Ces réactions nous placent encore une fois face à nos contradictions volontaires.

Les Français, en élisant Emmanuel Macron, ont choisi de mieux intégrer la France dans la mondialisation libérale. De plus, ils adoptent dans leur majorité un modèle familial très malthusien, en partie par contrainte économique, mais pas uniquement. Un tel malthusianisme trouve sa justification dans un libéralisme culturel fondamental, celui-là même qui fait le fond d’un libéralisme économique hard, dont ils rejettent les effets anti-solidaires, voire le principe même : contradiction.

Beaucoup de Français n’aiment pas la mondialisation parce qu’ils pensent qu’ils vont y perdre. Et l’immigration n’est qu’une modalité de la mondialisation. De ce pessimisme faut-il déduire qu’ils sont défaitistes ? Apparemment oui. En général, on refuse la concurrence quand on se sent faible et inadapté. Or les Français pensent à raison que leurs institutions, leur stratégie doivent encore s’adapter à une compétition mondiale, dans des industries nouvelles. Tant que reste insatisfait ce besoin de modernisation et de vision d’avenir, la défiance est logique.

Et pourtant, elle n’est pas d’abord défaitisme ou prudence. Les Français sont aussi très justement fiers. Ils se savent un peuple intelligent et inventif. Ce refus apparent de l’universalité, chez un peuple culturellement pétri d’universalité, n’est pas normal. Il n’est pas explicable autrement que comme l’exigence d’une universalité supérieure. Et supérieure à quoi ? Supérieure à une universalité individualiste et financière.

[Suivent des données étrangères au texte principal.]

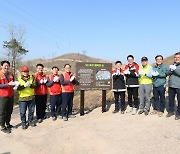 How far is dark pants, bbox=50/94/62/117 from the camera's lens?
9328 millimetres

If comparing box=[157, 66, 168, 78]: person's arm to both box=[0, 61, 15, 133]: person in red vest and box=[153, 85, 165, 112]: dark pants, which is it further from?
box=[0, 61, 15, 133]: person in red vest

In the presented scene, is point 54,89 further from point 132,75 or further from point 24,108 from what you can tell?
point 132,75

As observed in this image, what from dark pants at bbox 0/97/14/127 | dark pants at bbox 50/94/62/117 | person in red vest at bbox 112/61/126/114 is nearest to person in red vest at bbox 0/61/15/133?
dark pants at bbox 0/97/14/127

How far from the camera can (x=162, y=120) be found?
8.28 meters

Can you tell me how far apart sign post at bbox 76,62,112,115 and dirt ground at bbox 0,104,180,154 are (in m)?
1.21

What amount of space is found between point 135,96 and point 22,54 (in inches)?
1018

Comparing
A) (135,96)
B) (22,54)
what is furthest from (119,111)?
(22,54)

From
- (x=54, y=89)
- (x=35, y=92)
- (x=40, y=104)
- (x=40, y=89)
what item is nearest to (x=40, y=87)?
(x=40, y=89)

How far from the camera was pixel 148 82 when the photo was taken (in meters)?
8.93

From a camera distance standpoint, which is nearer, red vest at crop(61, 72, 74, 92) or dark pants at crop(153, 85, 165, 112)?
dark pants at crop(153, 85, 165, 112)

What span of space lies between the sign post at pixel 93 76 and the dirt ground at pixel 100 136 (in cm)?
121

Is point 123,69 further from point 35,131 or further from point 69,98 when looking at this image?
point 35,131

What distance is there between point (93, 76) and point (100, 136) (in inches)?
121

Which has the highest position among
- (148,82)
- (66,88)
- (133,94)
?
(148,82) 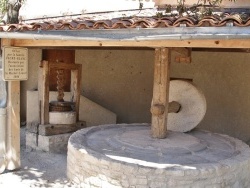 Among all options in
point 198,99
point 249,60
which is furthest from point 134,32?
point 249,60

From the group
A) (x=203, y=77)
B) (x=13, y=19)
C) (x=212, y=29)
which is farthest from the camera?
(x=203, y=77)

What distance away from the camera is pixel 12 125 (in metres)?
5.93

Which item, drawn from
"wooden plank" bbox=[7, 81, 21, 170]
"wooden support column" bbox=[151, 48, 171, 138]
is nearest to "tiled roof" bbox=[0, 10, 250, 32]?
"wooden plank" bbox=[7, 81, 21, 170]

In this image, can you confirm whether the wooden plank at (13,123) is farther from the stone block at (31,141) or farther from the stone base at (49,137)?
the stone block at (31,141)

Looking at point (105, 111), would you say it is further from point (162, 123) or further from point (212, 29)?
point (212, 29)

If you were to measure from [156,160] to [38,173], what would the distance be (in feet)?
7.90

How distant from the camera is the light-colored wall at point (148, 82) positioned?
7.61m

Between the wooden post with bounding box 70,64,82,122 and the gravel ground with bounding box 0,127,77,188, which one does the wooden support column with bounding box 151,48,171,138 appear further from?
the wooden post with bounding box 70,64,82,122

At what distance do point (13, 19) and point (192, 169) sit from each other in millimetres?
4171

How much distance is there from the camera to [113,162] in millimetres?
4871

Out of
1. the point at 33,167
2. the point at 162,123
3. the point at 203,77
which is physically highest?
the point at 203,77

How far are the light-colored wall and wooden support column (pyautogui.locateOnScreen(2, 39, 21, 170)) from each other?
384 cm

Le repli sur la Nation peut avoir un côté tribal et particulariste pour une minorité de Français désespérant de la France, ou de réactionnaires absolus n’ayant jamais cru en ce que représente l’Occident depuis le miracle grec. Mais pour une grande majorité, je pense qu’il exprime la foi en l’universel, à travers l’appel à cette Nation dont la culture est liberté, la liberté raison, la raison étant rapport à l’universel. Ce repli apparent exprimerait donc paradoxalement la demande et l’espoir d’une renaissance de l’universel en France, à un niveau supérieur à la version anglo-américaine de la mondialisation. Il postule inconsciemment que l’humanisme français a quelque chose à dire et doit s’exprimer en propositions nouvelles, politiques et économiques. La France est un pays de raison forte et de haut idéal. Elle ne changera pas. De ce point de vue, l’immigration ne fait que la soumettre à une pression créatrice.

Encore une fois, ce problème du vieillissement de nos institutions, ces germinations patientes de notre culture, n’ont rien à voir en tant que tels avec l’islam. Immigration et islam sont donc bien deux problèmes distincts. Ils se combinent ensuite à un plus haut niveau de complexité. Les politiciens démagogues jouent un jeu malhonnête quand ils entretiennent la confusion.  

 

Le pape François a donc raison de ne pas accepter d’entrer dans ce type de jeu. Il a raison de poser le problème aux seuls niveaux acceptables, celui d’une culture familiale et celui d’une justice mondiale parvenant à articuler le jeu du marché avec celui des solidarités nationales, locales, avec l’action des autorités étatiques (démocratiques), dans le respect des identités culturelles.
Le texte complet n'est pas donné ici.